Por isso os grandes bancos se fundem não só mais rapidamente e
em maiores proporções do que outros empreendimentos, mas
também assumem a liderança na concentração do capital como um
todo. A fusão estratégica do capital real é subordinada à
fusão estratégica do capital fictício, pois o rendimento das
aplicações financeiras a curto prazo é maior e mais fácil de
obter que o rendimento de aplicações a longo prazo, destinadas
à produção real.
Sob a égide dos grandes fundos de investimento, esses novos
bancos direcionam todo o processo das fusões não mais segundo
as expectativas dos mercados de mercadorias, mas dos mercados
financeiros. Isso significa que empresas inteiras são
incorporadas sem que se respeitem as perspectivas de sua
atividade real, sendo "exploradas" para elevar o custo
de certas ações e, assim, canalizar o excedente de liquidez
para o moinho dos mercados financeiros, que se fecham sobre si
mesmos. Quem se fundirá com quem é determinado, em última
instância, não pelo "management" das empresas de
produção, segundo seus próprios objetivos, mas pelo
"management" dos bancos e dos fundos de investimento.
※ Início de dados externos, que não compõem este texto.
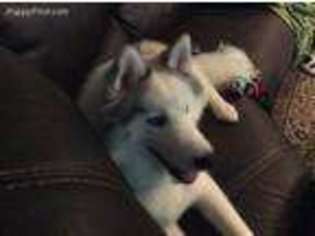 Siberian Husky Puppy for sale in Roswell, GA, USA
Os sindicatos são impotentes contra esse desenvolvimento, pois
não dispõem mais de um objetivo estratégico próprio e sua
crítica social está esgotada. Além de praticamente afastarem
de seu campo de visão o conjunto dos desempregados, eles nada
podem contra o novo fenômeno dos pretensos pequenos empresários
(surgidos com o "outsourcing") na periferia das
megaempresas. Na maioria dos países, como resultado, o número
de seus membros decai drasticamente.
O raio de ação sindical restringe-se cada vez mais ao pessoal
especializado, em via de extinção, de grandes empresas
altamente concentradas e globalizadas. E, assim, não lhes resta
senão imitar em espelho a dupla tendência à autodestruição
de sua contraparte social: a exemplo do grande capital, eles se
tornam cada vez mais delgados e maiores.
De um lado, os sindicatos reduzem o acompanhamento e o
aconselhamento de seus membros. De outro, essas organizações de
tal forma "desbastadas" se fundem, para além das
categorias profissionais, em novas unidades. Beira o ridículo a
maneira como o processo de concentração do capital repete-se na
esfera dos sindicatos: primeiro, os grandes engolem os pequenos,
depois, aqueles se fundem entre si. Paralelamente às
megaempresas e aos megabancos, surgem também os megasindicatos.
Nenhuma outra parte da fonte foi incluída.